Realtor.com’s December housing market hotness index is a mixed bag for the Tri-Cities but points to improvement from last year at the same time many analysts are talking about a market cool down. Views of listings of homes for sale for both local markets exceed the average number of views for listings on the U.S. average.
The Market Hotness Index exposes how local areas are experiencing fast-moving supply and rising demand. “Using proprietary insights on buyer activity and the most comprehensive data on active inventory, the analysis breaks down demand and supply dynamics to rank metro areas relative to the rest of the county,” according to Realtor.com. The index uses listing views by market as an indicator of demand and median days on market as an indicator of supply. That makes it a current market indicator with a forward-looking component. Most market reports area backward-looking.
The Johnson City metro area’s December housing market got a “slightly hot” but “cooling down slightly” while the Kingsport-Bristol market got a slightly cool market rating that is cooling down slightly. Demand – as indicated by listing views – for both of the region’s Metropolitan Statistical Areas are heating up from what they were last year.
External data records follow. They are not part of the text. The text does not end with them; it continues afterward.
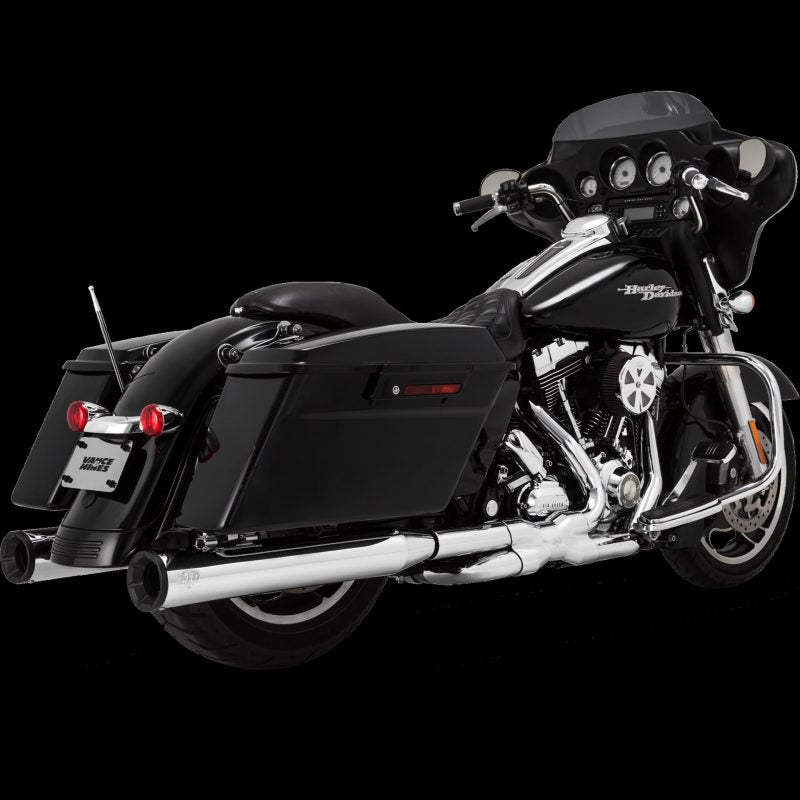 Vance &amp; Hines HD Dresser 17-22 Eliminator 400 Chrome Slip-On Exhaust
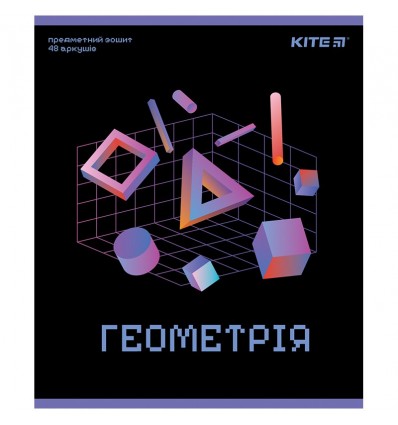 Тетрадь предметная Kite Neo K24-240-11, 48 листов, клетка, геометрия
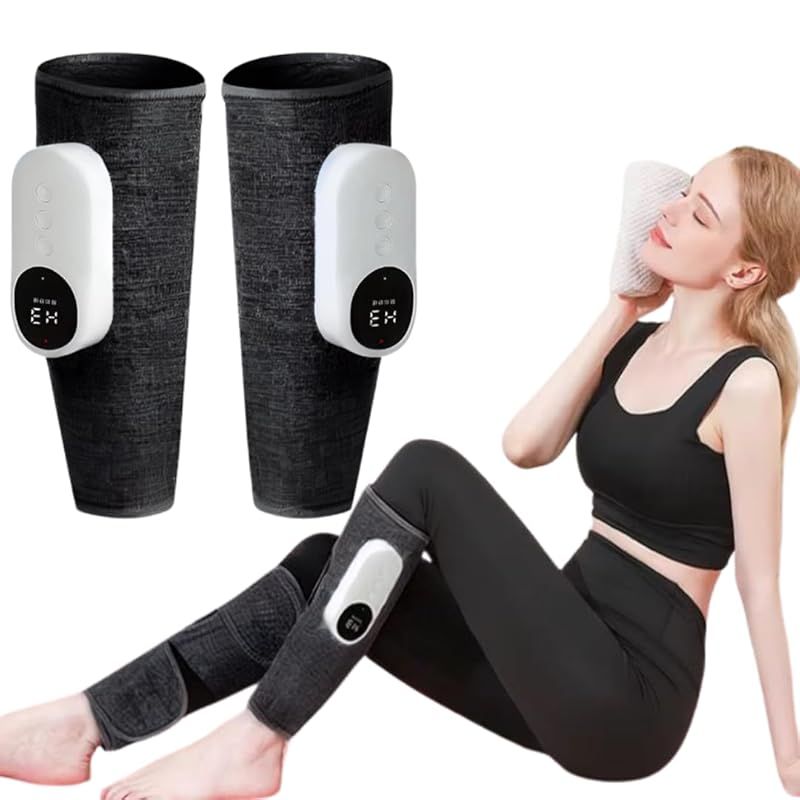 ２個セット ふくらはぎケア 振動 空気圧 温熱 ふくらはぎリッラクス 太もも 足ケア コードレス USB充電式 3モード 3段階強度 3段階温度 男女兼用 日本 メーカーにて一年付 NOSA DESIGN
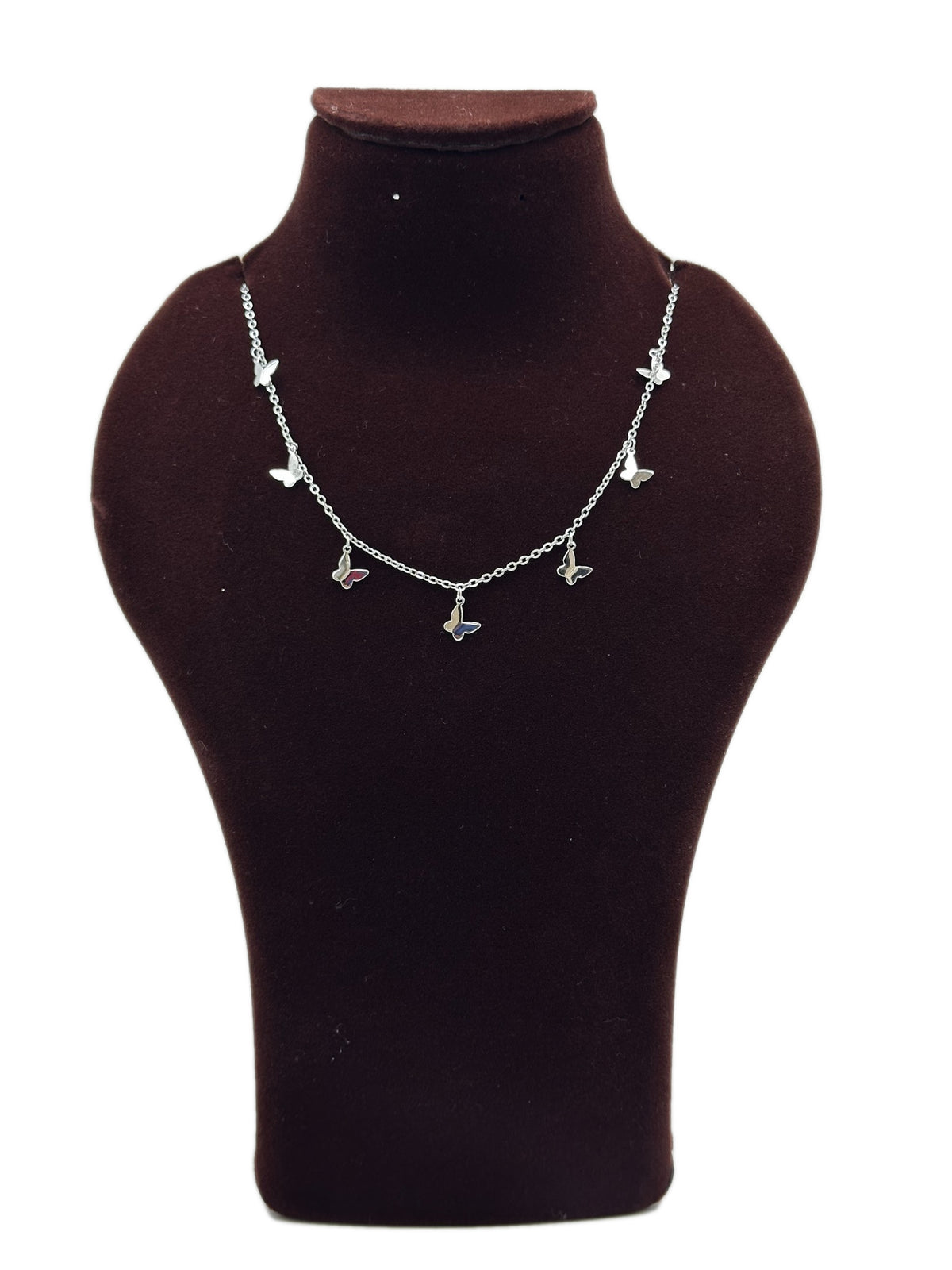 🦋✨ Maripelle Charm 925 Silver Butterfly Necklace ✨💎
Median days in the Johnson City market for December was 93 days, with inventory moving 85 slower than last year and 13 days slower than the U.S. overall. Properties in the three-county area received and an average number of views 1.7 times higher than the U.S. average.
Median days on market in the Kingsport-Bristol was 112, with inventory moving slightly slower than last year and 32 days slower than the U.S. overall. Properties in the four-county area received an average number of views 1.2 times higher than the U.S. average.
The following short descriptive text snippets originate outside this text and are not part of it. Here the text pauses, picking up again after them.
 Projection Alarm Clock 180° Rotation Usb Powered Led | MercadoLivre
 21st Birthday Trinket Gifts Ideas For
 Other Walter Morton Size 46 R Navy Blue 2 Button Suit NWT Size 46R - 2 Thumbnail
While the index doesn’t point to a hotter local market, it does temper fears that the recovery is running out of steam. If anything, the index points to a soft landing.
The Northeast Tennessee Association of Realtors’ (NETAR) December and end of year Trends Report will be available next week. Annualized data based on November from NETAR points to a sales increase in the range of 7% or a little better and an average sales price increase of about 4%. That would make 2018 the second-best sales year since 2008 and the best average price appreciation in four years. Of course, annualized numbers are just projections, so a weaker closing report can have a big effect. At the end of November, there were about 900 approved contracts in the pipeline and almost half of those were holdovers from October. Approved contracts typically close in a month to six weeks after approval.
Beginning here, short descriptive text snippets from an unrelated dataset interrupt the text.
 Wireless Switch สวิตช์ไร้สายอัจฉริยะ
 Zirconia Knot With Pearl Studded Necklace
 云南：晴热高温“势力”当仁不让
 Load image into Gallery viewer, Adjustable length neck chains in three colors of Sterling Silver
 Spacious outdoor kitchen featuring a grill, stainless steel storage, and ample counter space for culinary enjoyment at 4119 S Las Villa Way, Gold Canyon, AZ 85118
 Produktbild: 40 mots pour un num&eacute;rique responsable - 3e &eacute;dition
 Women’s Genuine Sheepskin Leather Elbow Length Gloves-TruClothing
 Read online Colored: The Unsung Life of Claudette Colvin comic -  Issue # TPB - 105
Realtor.com thinks home prices will continue increasing, just not as fast as they did in 2018. The National Association of Realtors predicts that existing homes prices will rise 2.5% this year. That would be a typical year for a conservative market like the Tri-Cities.
The local market has been basically been a seller’s market for the past year and a half, and prolonged sellers’ markets are not a friendly market for first-time buyers. That’s shifting and so is the effort to give first-time buyers more attention.
Affordability is a local concern. In Q4 it hit 11- and nine-year lows in Sullivan and Washington counties. But the silver lining to that story is even at those low points an average wage earner had the buying power to purchase a median-priced home in both markets. That wasn’t the case in eight of the 13 counties analyzed in Attom Data Solutions Home Price Index.